IAE is willing to become Frontier’s exclusive maintenance provider for such Engines through the FMP; and

IAE and Frontier desire to express herein their complete understanding and agreement in connection with Frontier’s selection of the Engines to power the Firm Aircraft, its purchase of the Firm Spare Engines, and its selection of the FMP for all off-wing Engine maintenance services for the Firm Spare Engines and the Engines that power the Firm Aircraft.”

2.Section 3.6 is amended and restated in its entirety as follows:
“3.6    [***] Credit
In addition, to assist Frontier with [***], IAE will credit Frontier’s account with IAE in the fixed amount of [***] (the “[***] Credit”). [***]. The [***] Credit may be used by Frontier to [***]. Notwithstanding the foregoing, Frontier may also use all or a portion of such [***] Credit towards [***]

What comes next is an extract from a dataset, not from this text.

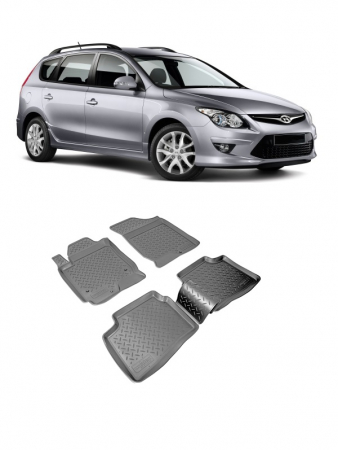 Hyundai - Set covorase cauciuc tip tavita HYUNDAI I30 (2007-2012)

3.The definition of “Firm Spare Engines” in Appendix 1 is amended and restated to read as follows:

“‘Firm Spare Engines’ means the [***] new firm-ordered spare engines identified in the Delivery Schedule as “Firm Spare Engines” to be delivered to Frontier in accordance with the Delivery Schedule and any of the Option Spare Engines when Frontier has notified IAE of its confirmation to purchase such Option Spare Engines in accordance with the definition of “Option Spare Engines.””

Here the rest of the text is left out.